[Material supplied — start]
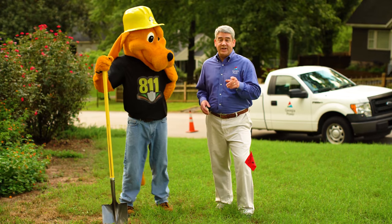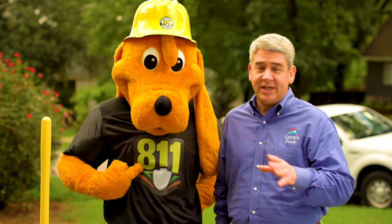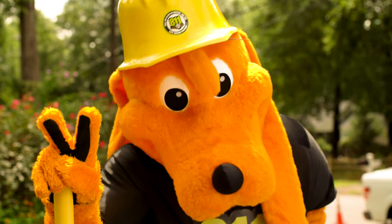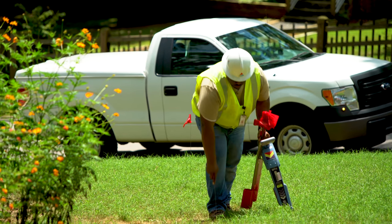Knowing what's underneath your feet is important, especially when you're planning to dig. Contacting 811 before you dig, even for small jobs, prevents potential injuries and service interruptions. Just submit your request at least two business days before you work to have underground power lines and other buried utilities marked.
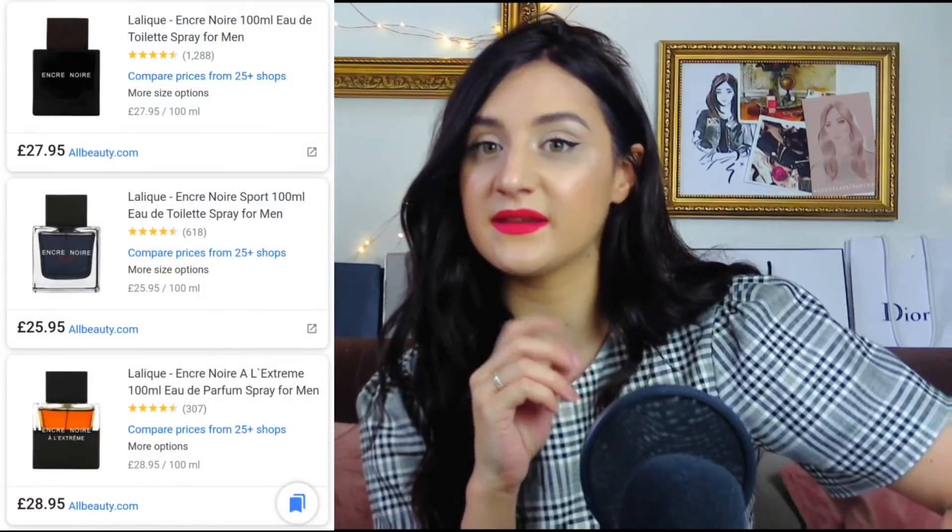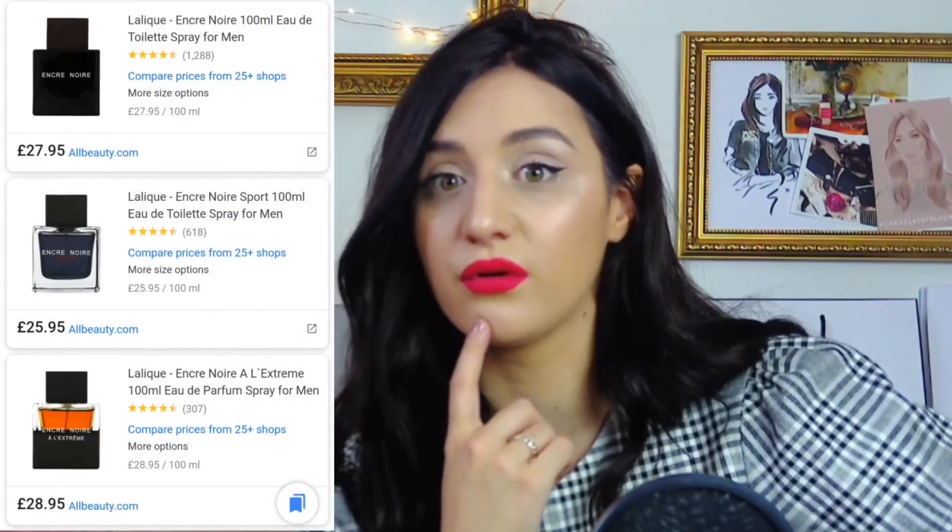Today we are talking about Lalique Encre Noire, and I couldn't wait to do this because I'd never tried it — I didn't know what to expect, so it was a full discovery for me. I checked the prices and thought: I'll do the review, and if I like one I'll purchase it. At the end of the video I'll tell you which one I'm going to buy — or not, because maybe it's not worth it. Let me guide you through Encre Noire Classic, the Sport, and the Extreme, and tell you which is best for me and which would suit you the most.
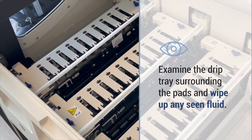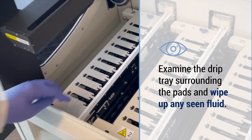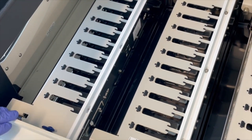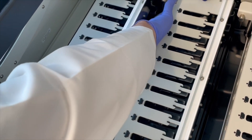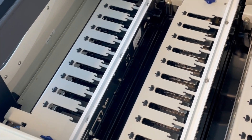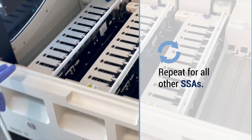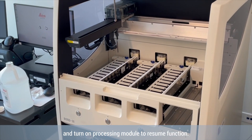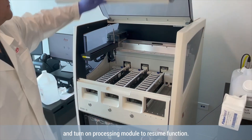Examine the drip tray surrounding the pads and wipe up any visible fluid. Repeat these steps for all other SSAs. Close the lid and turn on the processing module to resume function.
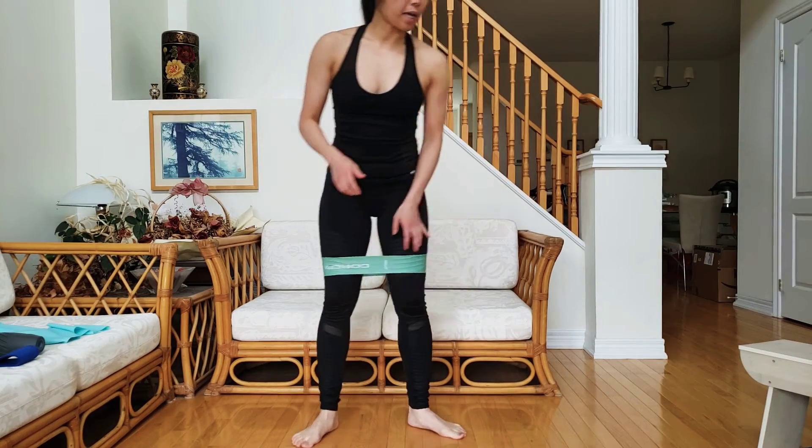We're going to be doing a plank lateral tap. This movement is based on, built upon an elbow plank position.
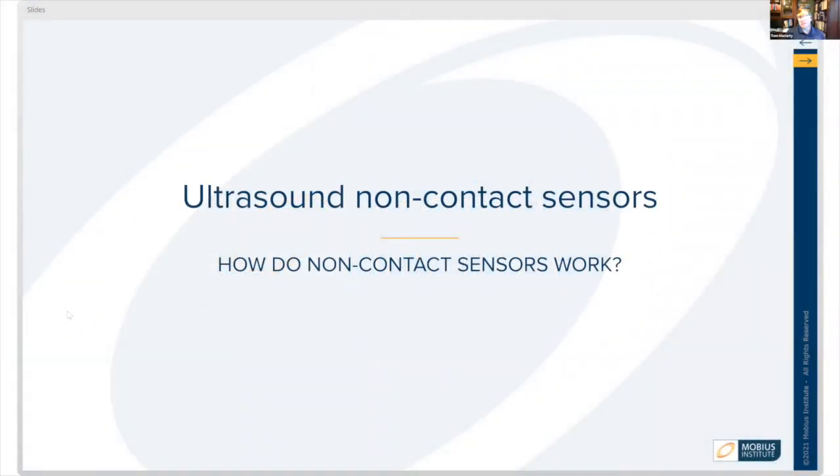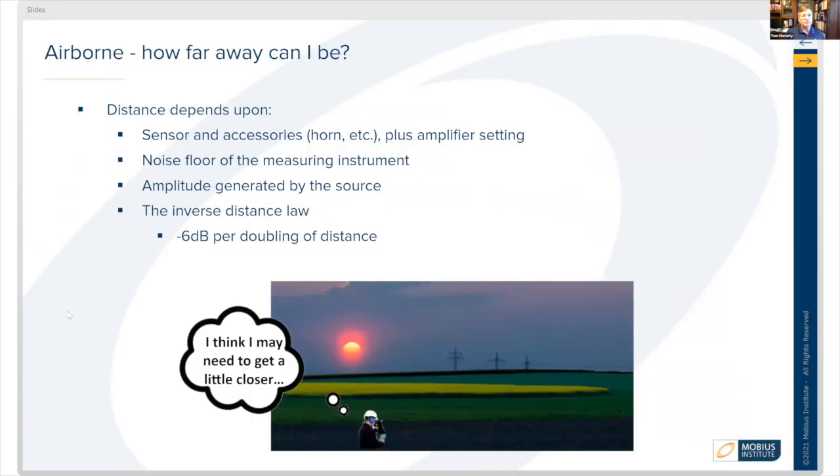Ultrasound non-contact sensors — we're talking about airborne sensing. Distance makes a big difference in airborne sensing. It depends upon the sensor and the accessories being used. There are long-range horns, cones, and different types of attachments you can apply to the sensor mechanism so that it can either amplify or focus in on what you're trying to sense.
[Material supplied — finish]
[Material supplied — start]
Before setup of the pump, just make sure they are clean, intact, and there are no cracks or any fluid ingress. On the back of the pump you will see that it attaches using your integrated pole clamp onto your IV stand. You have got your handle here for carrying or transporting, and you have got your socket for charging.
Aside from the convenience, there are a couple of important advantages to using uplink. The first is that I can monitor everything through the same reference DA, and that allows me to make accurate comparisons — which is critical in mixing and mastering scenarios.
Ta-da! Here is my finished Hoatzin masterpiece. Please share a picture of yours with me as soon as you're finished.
[Material supplied — finish]
[Material supplied — start]
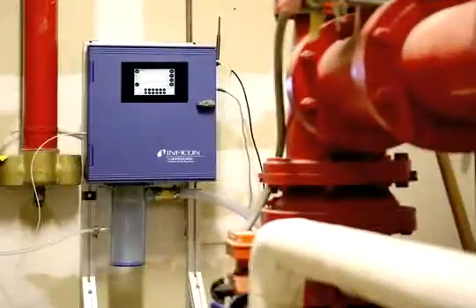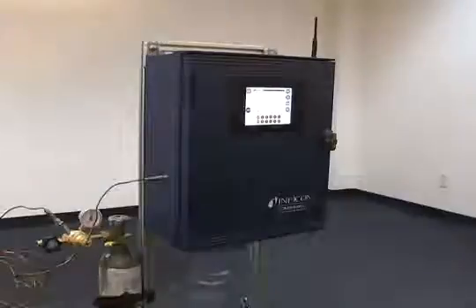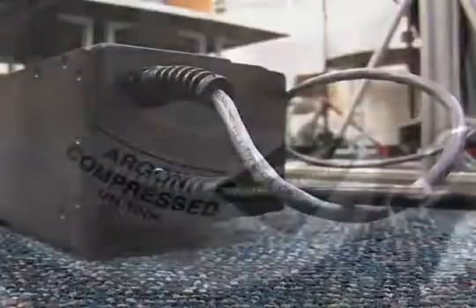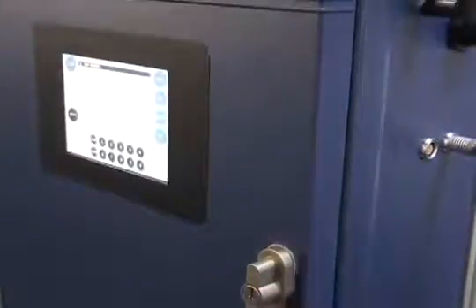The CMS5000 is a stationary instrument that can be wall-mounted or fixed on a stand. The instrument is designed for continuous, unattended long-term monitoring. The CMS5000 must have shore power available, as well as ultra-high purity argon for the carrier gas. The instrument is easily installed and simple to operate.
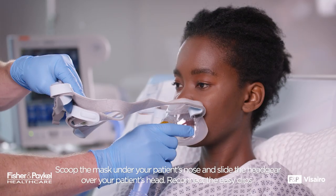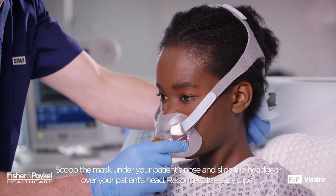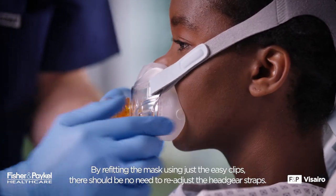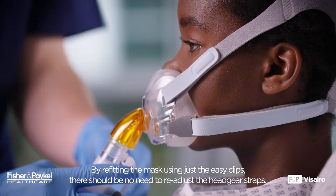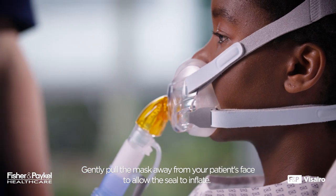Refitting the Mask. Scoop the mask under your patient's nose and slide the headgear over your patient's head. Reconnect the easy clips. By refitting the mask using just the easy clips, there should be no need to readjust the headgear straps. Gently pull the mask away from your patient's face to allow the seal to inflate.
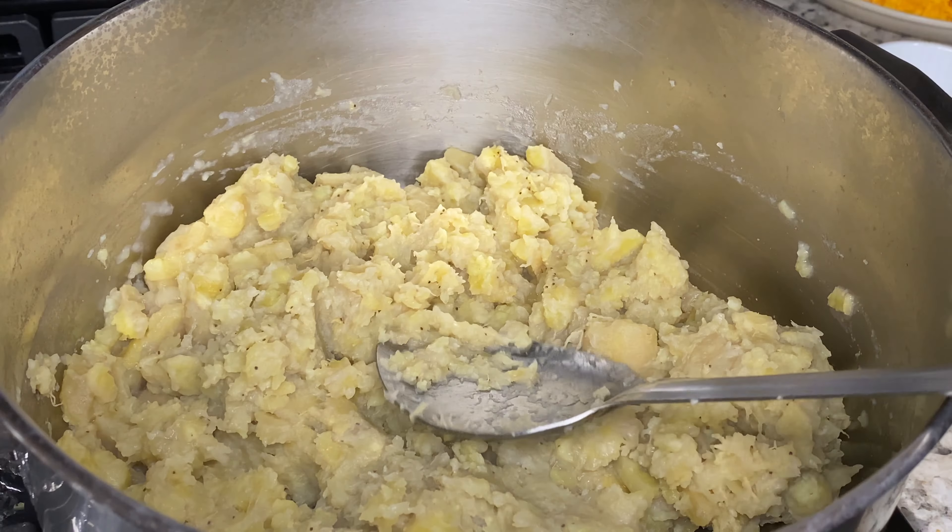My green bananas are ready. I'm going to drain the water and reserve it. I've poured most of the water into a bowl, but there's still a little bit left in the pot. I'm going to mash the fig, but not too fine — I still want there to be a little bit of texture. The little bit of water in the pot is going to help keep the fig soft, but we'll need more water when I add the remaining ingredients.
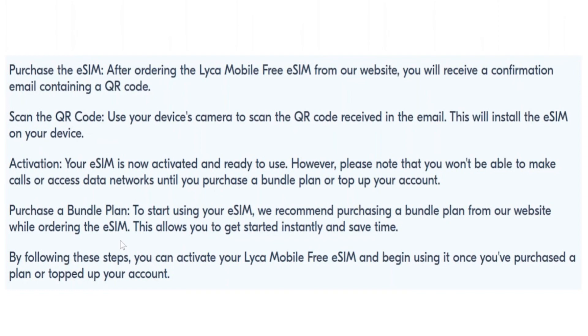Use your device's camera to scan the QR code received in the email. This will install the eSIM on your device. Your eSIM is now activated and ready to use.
[Material supplied — finish]
[Exercise description] Starting with the line that contains "The CMS5000 is" and finishing with the line that contains "Use your device's", reproduce every line of the material above exactly, but not the pictures.

[Result]
The CMS5000 is a stationary instrument that can be wall-mounted or fixed on a stand. The instrument is designed for continuous, unattended long-term monitoring. The CMS5000 must have shore power available, as well as ultra-high purity argon for the carrier gas. The instrument is easily installed and simple to operate.
Refitting the Mask. Scoop the mask under your patient's nose and slide the headgear over your patient's head. Reconnect the easy clips. By refitting the mask using just the easy clips, there should be no need to readjust the headgear straps. Gently pull the mask away from your patient's face to allow the seal to inflate.
My green bananas are ready. I'm going to drain the water and reserve it. I've poured most of the water into a bowl, but there's still a little bit left in the pot. I'm going to mash the fig, but not too fine — I still want there to be a little bit of texture. The little bit of water in the pot is going to help keep the fig soft, but we'll need more water when I add the remaining ingredients.
Use your device's camera to scan the QR code received in the email. This will install the eSIM on your device. Your eSIM is now activated and ready to use.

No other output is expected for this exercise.